21 Dec Modern Slavery
There is a defence under section 45 of the Modern Slavery Act 2015 for a person who is compelled to do an act, where that compulsion is as a result of slavery or exploitation, and a reasonable person in the same position with the same characteristics would have no realistic alternative.
In a recent case, a 15-year-old boy (M) was acquitted as a result of this defence. He had been charged with possession of a bladed article, and possession of cocaine and heroin.
There was an appeal raising an issue of law; did the accused discharge the evidential burden on him in raising the defence?
What is an evidential burden?
It is for the prosecution to prove that the offence has been committed by the accused. An evidential burden arises here for the accused to properly raise the issue that he has the defence set out in the Act.
It was submitted that the District Judge erred in her approach to the admissibility of the decision of the Single Competent Authority (SCA) that M was a victim of modern slavery. Also, she was wrong in concluding that the offence was a direct consequence of trafficking for exploitation purposes and that a reasonable person of the same characteristics would have committed the offence.
M was seen to go into KFC with two known young gang members, who were known to carry knives. All three of them were searched, and M was found to have a hunting knife, and wraps of cocaine and heroin. He initially said he used the knife to cut steak and later said that he had found it and was going to hand it in.

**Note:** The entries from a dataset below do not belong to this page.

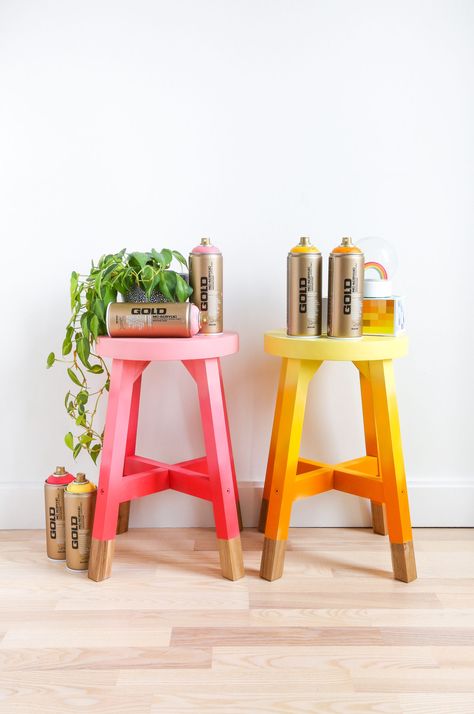 Pink and Yellow Stools – EYE CATCHING STOOLS FOR MORE THAN Wooden Stool Designs, Colorful Stools, Diy Stool, Painted Stools, Diy Side Table, Upcycled Furniture Diy, New Interior Design, Wood Stool, Stool Design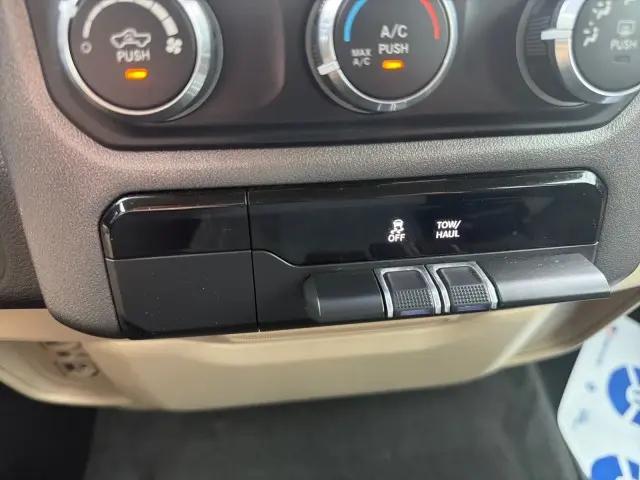 2021 Ram 1500 Big Horn Crew Cab 4x4 5'7" Box
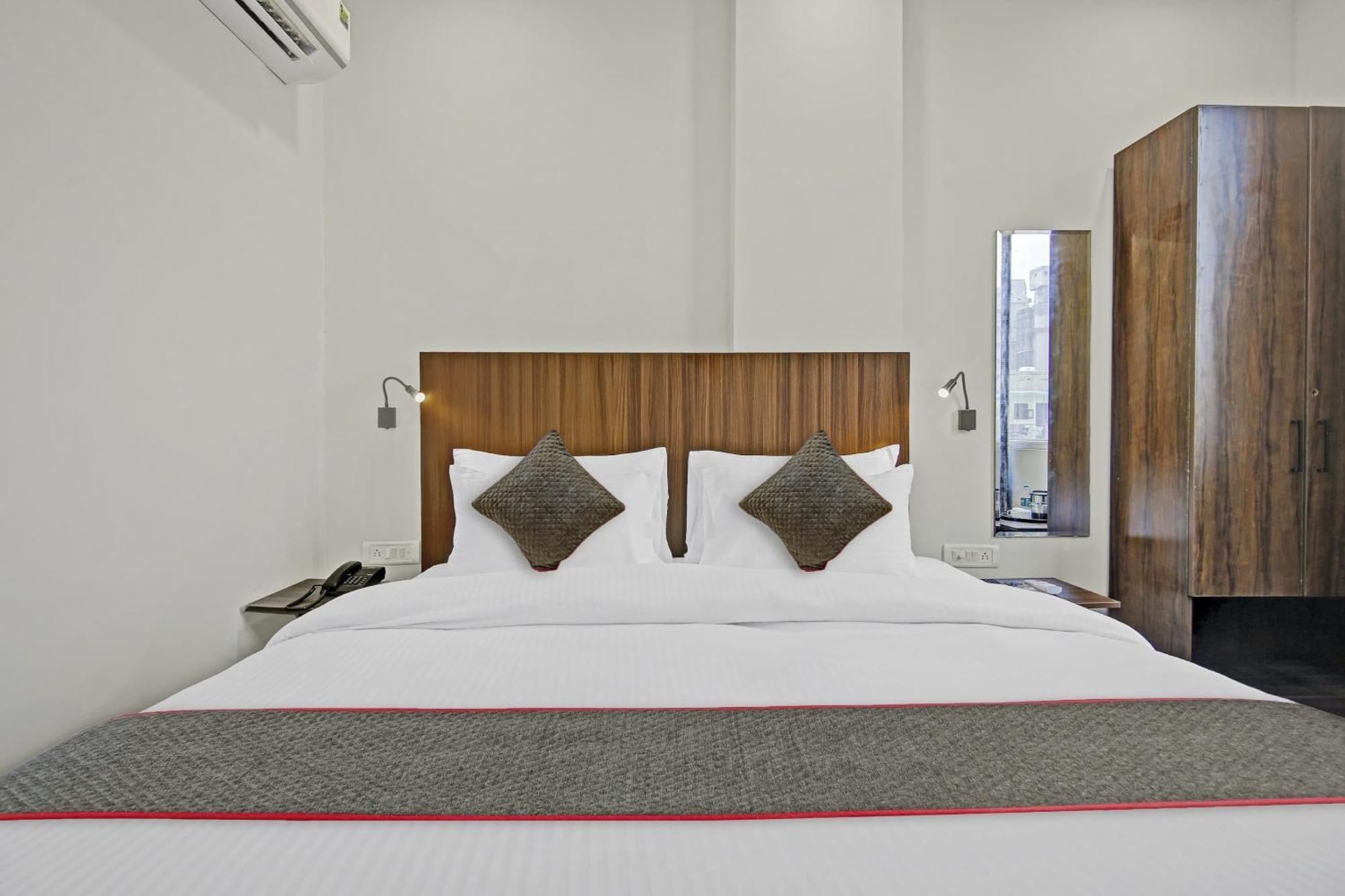 Townhouse Golden Frame Hotel Ghaziabad Eksteriør billede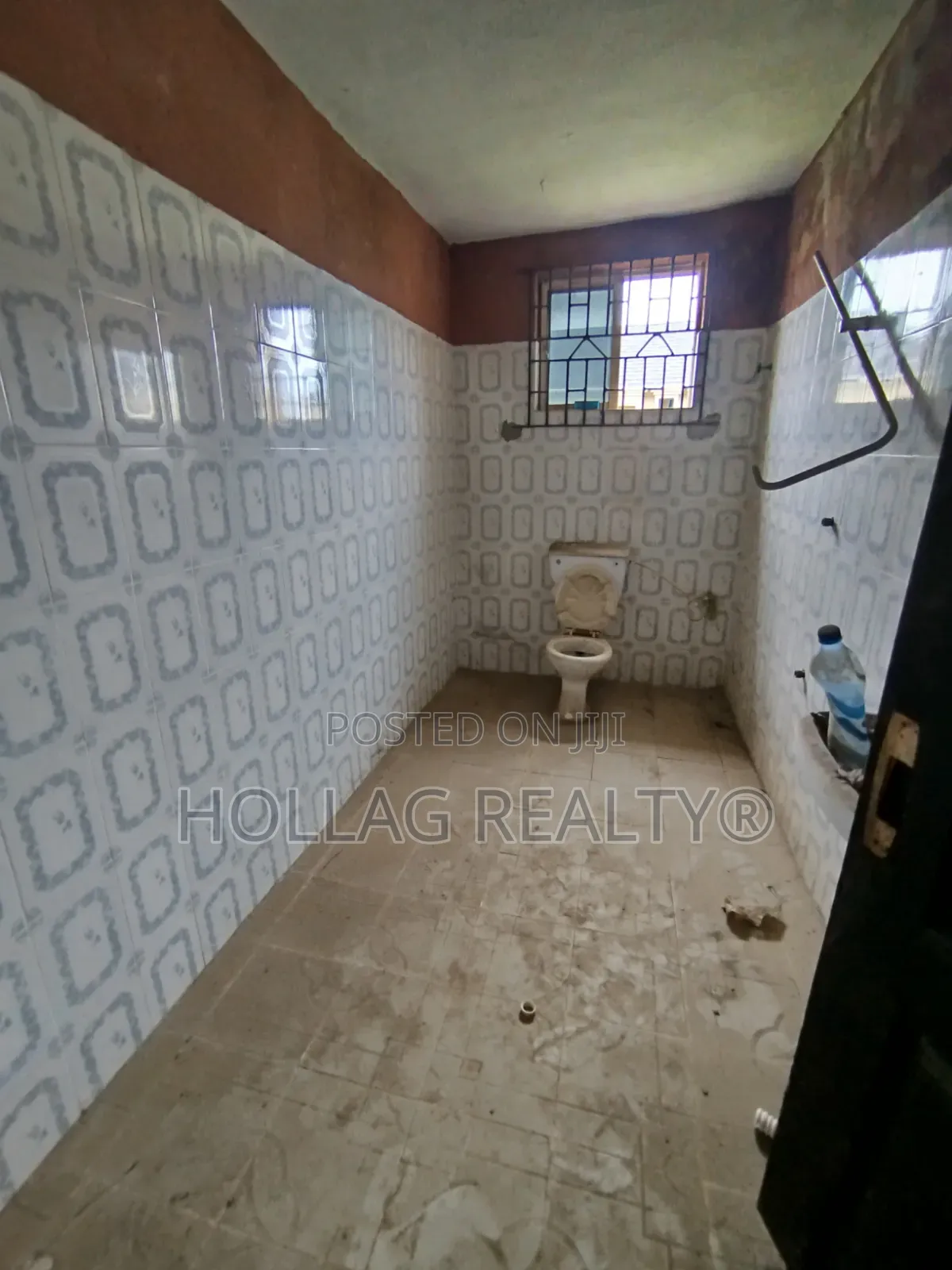 3bdrm Apartment in Okota for sale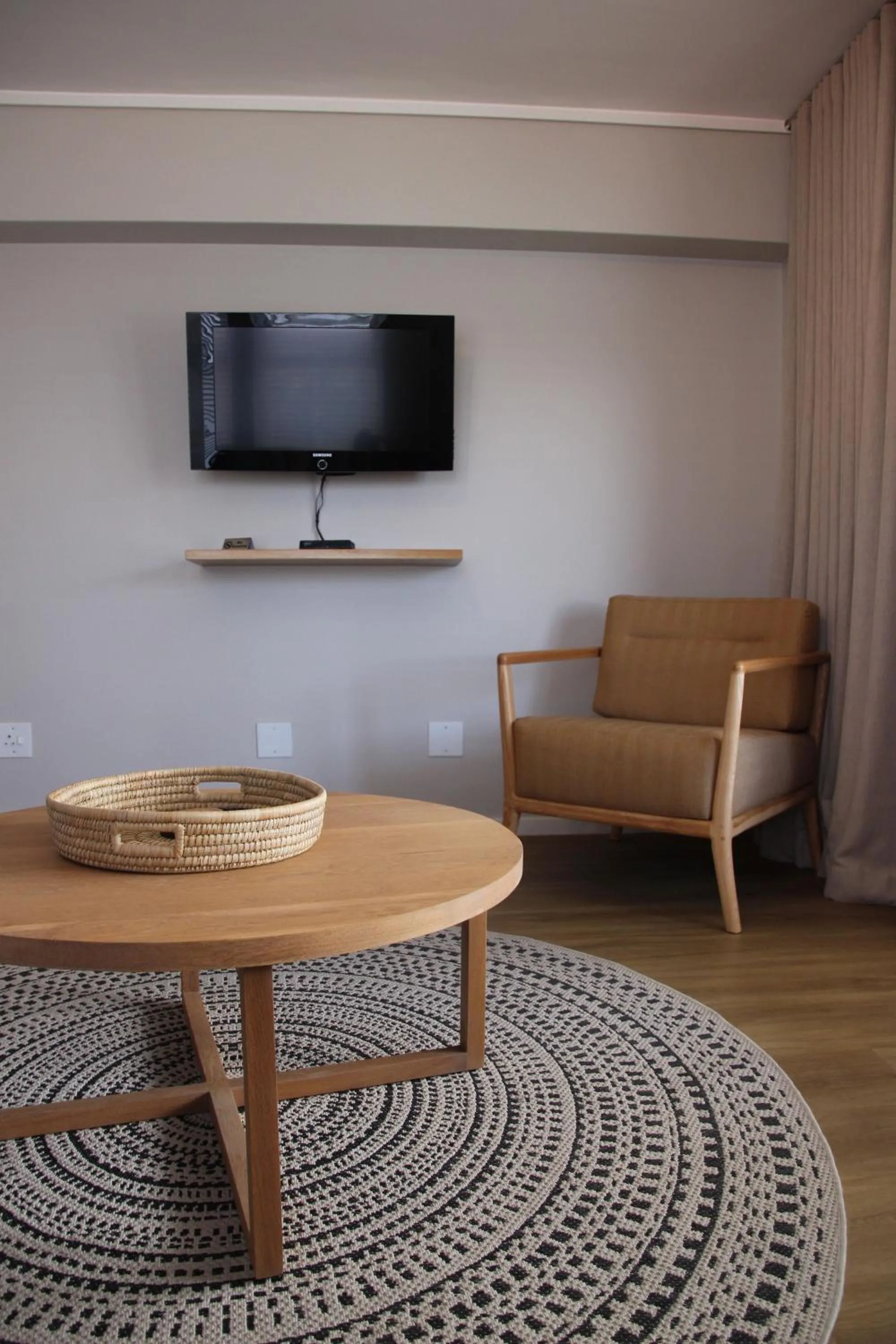 Communal lounge/ TV room in The Boardwalk Accommodation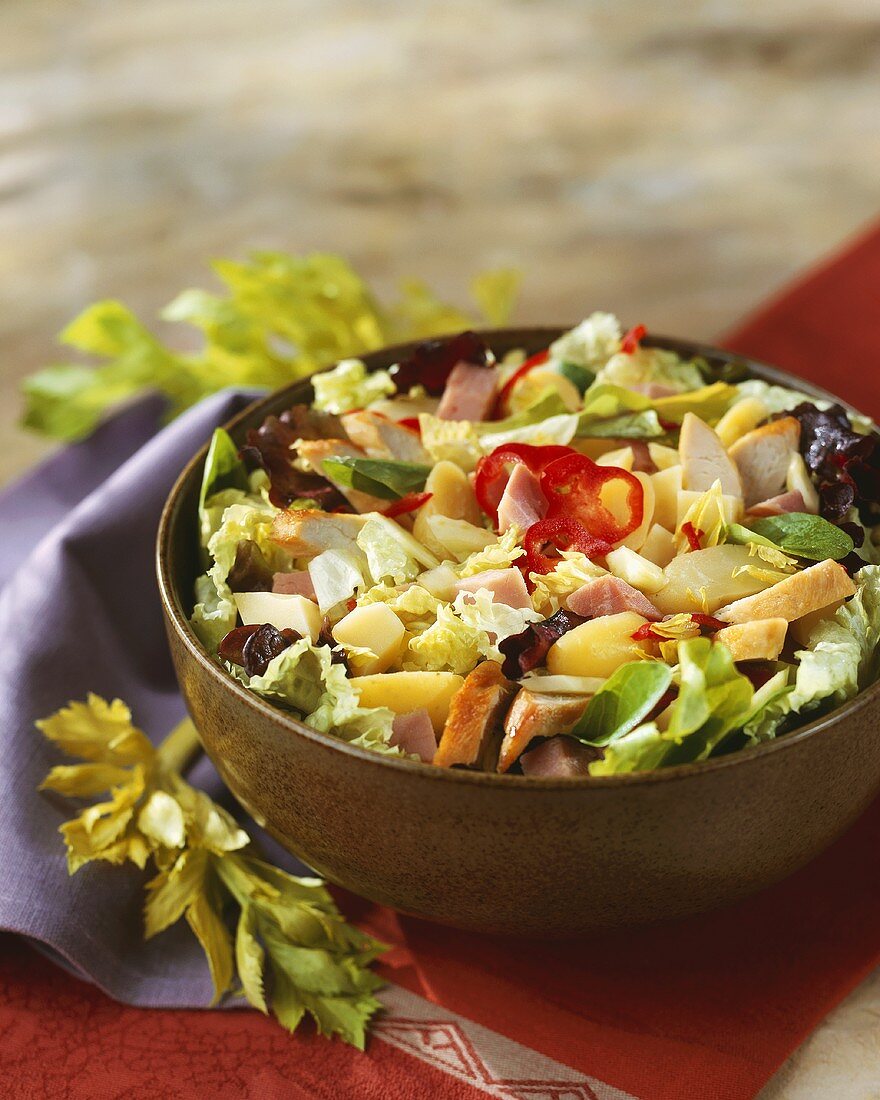 Gemischter Salat mit Hähnchenbrust, Schinken und Kartoffeln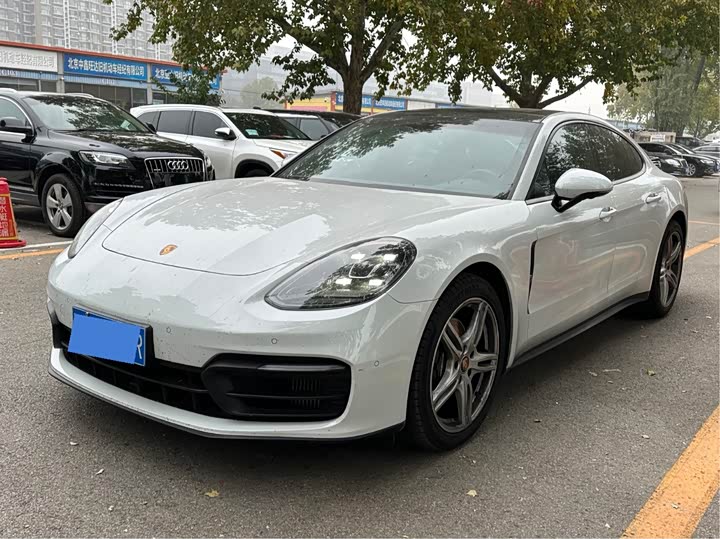 Фото 1 - Porsche Panamera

The arresting officer commented that M had been laughing with the other two males and had not raised any concerns. The officer was only made aware of a potential issue when he spoke to M’s father.
The following facts were admitted at the trial:
- M had been referred to Social Care
- The SCA had been informed that M regularly went missing from home
- M had no convictions or cautions
- The SCA had made a decision, on the balance of probabilities, that M had been recruited, harboured and transported for the purposes of criminal exploitation.
M did not comment in his police interview and did not give evidence at trial. The District Judge noted that the prosecution had not argued that he had to give evidence in order to meet the evidential burden for the defence, nor that he had to have provided some explanation in interview.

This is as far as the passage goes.